Barreiras na dança

Tem sido inevitável o crescimento e o aumento de novos centros e casas de cultura nos últimos anos. Para melhorar, ginásios e academias estão cada vez mais empenhados em colocar a dança nas suas grades, já que senhoras de várias idades se mostram profundamente interessadas em fazer aulas, como a zumba ou a salsa, que as possam ajudar a emagrecer e ainda dar-lhes uma aparência fit. Os pais procuram, de todas as formas, colocar os filhos em creches, escolas ou locais com ATL onde, entre as actividades extra-curriculares, a dança precisa estar presente; talvez porque se interessam em desenvolver as capacidades artísticas dos seus filhos ou porque sempre tiveram o sonho de dançar, mas não a oportunidade de o fazerem, ou, talvez ainda, a intenção seja distrair os filhos com actividades que os deixem, na maior parte do tempo, fora de casa para, desta forma, não sentirem tanto a falta de disponibilidade que os mesmos apresentam. Seja qual for o motivo da adesão a esta actividade artística, uma aula de dança não deve ser banalizada.

As pessoas que dançam tornam-se potenciais fontes vivas de criação e de edificação e também de transformação do quotidiano de uma sociedade. Quando tornamo-nos professores, temos a grande responsabilidade de educar indivíduos, e isso exige cuidado e pesquisa. Não podemos esquecer de que somos fonte de  aprendizagem e, antes de nos colocarmos em actividades pedagógicas – referentes ao ensino-aprendizagem –, devemos conhecer os nossos limites e as competências individuais. Depois de detectados os limites, devemos agir, buscando desenvolver as aptidões não construídas.

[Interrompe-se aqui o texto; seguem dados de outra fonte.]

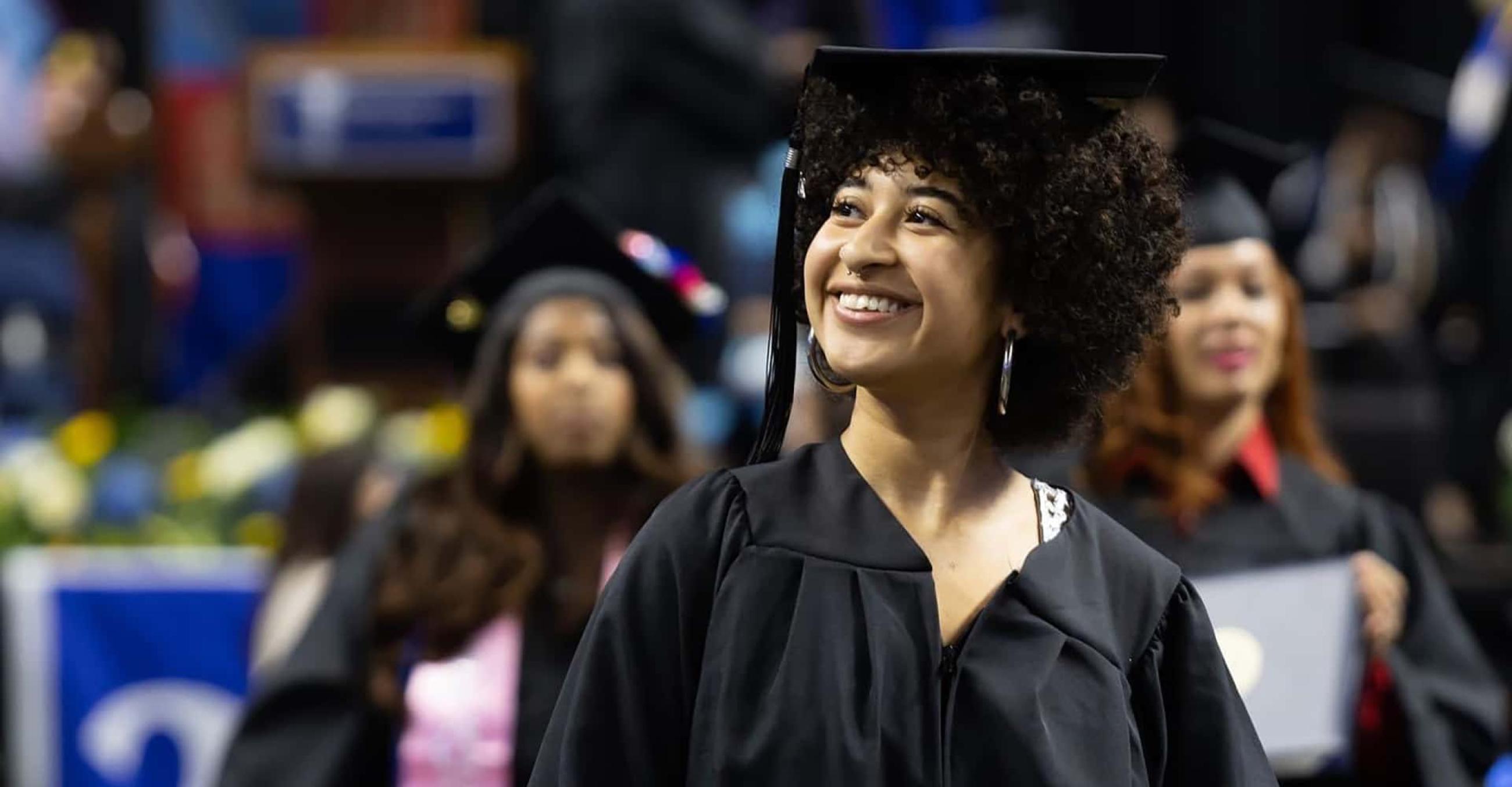 3 female students in graduation caps and gowns at undergraduate commencement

Muitos são os casos, infelizmente, de professores-relâmpagos, que chegam com o intuito de ministrar aulas que se baseiam apenas nas suas experiências como aluno ou que desenvolvem um método de ensino que exclui a criatividade e a personalidade do aprendiz – colocando em risco o seu desenvolvimento ao não reflectir sobre as implicações corporais –, método este que se apoia na criação de coreografias que têm como principal objectivo fazer brilhar a sua própria imagem; esquecem-se que lhes cabe buscar cursos de formação que auxiliem na continuidade do seu desenvolvimento enquanto educador e promover a capacitação dos seus alunos para o desenvolvimento das competências necessárias para a realização das suas tarefas bem como para a resolução dos problemas quotidianos com maior eficiência.

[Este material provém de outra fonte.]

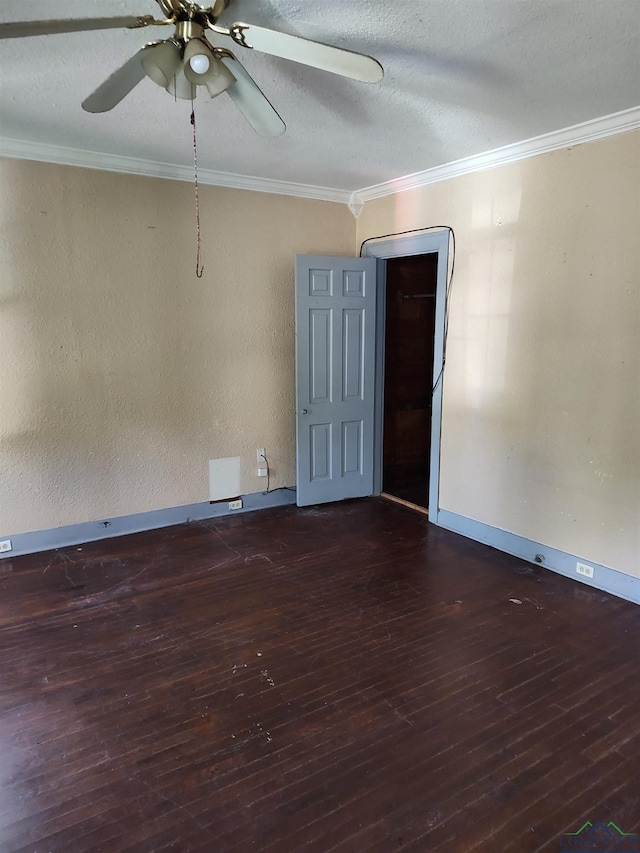 spare room with a textured ceiling, dark hardwood / wood-style floors, and ornamental molding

Parte deste problema recai sobre as instituições de ensino da dança, porque, se como professores a responsabilidade é grande, como instituição a responsabilidade é super-hiper-mega-blaster, ou seja, maior!

Foto alusiva ao evento realizado no espaço EntreDanças. Fonte: Jornal de Angola. Fotografia: Edições Novembro

O que observo em muitas instituições angolanas dedicadas ao ensino das artes ou da dança, mais especificamente, é que todas elas são constituídas com as melhores das intenções, materializadas, talvez, como um sonho antigo para alguns. Mas, com o passar do tempo, percebe-se uma forma de trabalho que foge da nossa realidade cultural, artística e social; um pouco resultado da situação económica que o país enfrenta, mas também por negligência e falta de objectivos bem traçados.

Ao não contratar professores especializados para o estabelecimento e seguir de perto os planos curriculares desenvolvidos pelos mesmos; ao não implementar um sistema de bolsas, para que crianças e jovens menos favorecidos tenham a oportunidade de ingressar; ou ao não dar aos alunos um espaço onde tenham a oportunidade de apresentar as suas obras artísticas, depois de orientados pelos professores; ao cobrar valores exorbitantes pelas aulas oferecidas e pelas exibições realizadas, estabelecendo um público reservado para contemplação dessas apresentações; ao colocar nas grades apenas aulas que estão em alta, pensando somente em lucrar e não em obter resultados para os discentes; ou ao deixar de incentivar a aprendizagem e o progresso ou evolução dos professores e alunos (que podem, possivelmente, ampliar a ambição de seguir uma carreira artística) matam a arte e a necessidade que a própria arte tem de chegar aos corações mais improváveis. E olha que aqui estão enumeradas alguns riscos e formas de aniquilação da arte!

Partindo do princípio que os seres humanos se desenvolvem pelas relações que estabelecem com o seu meio, devemos estar interessados em educar corpos sociais, corpos presentes, que dialoguem, que estabeleçam conexão, que interajam social e culturalmente, ao contrário de corpos que se escondem em casulos ou carapaças, esperando serem moldados, e que os desafios que lhes foram impostos desapareçam.

Por outro lado, os alunos, como parte de todo este sistema, também precisam mostrar interesse genuíno e dedicação ao conteúdo oferecido. É tudo uma troca sem barganhas. O educando tem todo o direito de participar na construção do seu desenvolvimento técnico, sempre em colaboração com o educador, partilhando, respeitando, sabendo que o professor é a melhor referência que terá na sala de aula para o desenvolvimento das suas habilidades e competências. Aos professores, cabe educar cidadãos sócio-afectivos estruturalmente, que se apropriem da dança para fazer alguma diferença no mundo em que vivemos.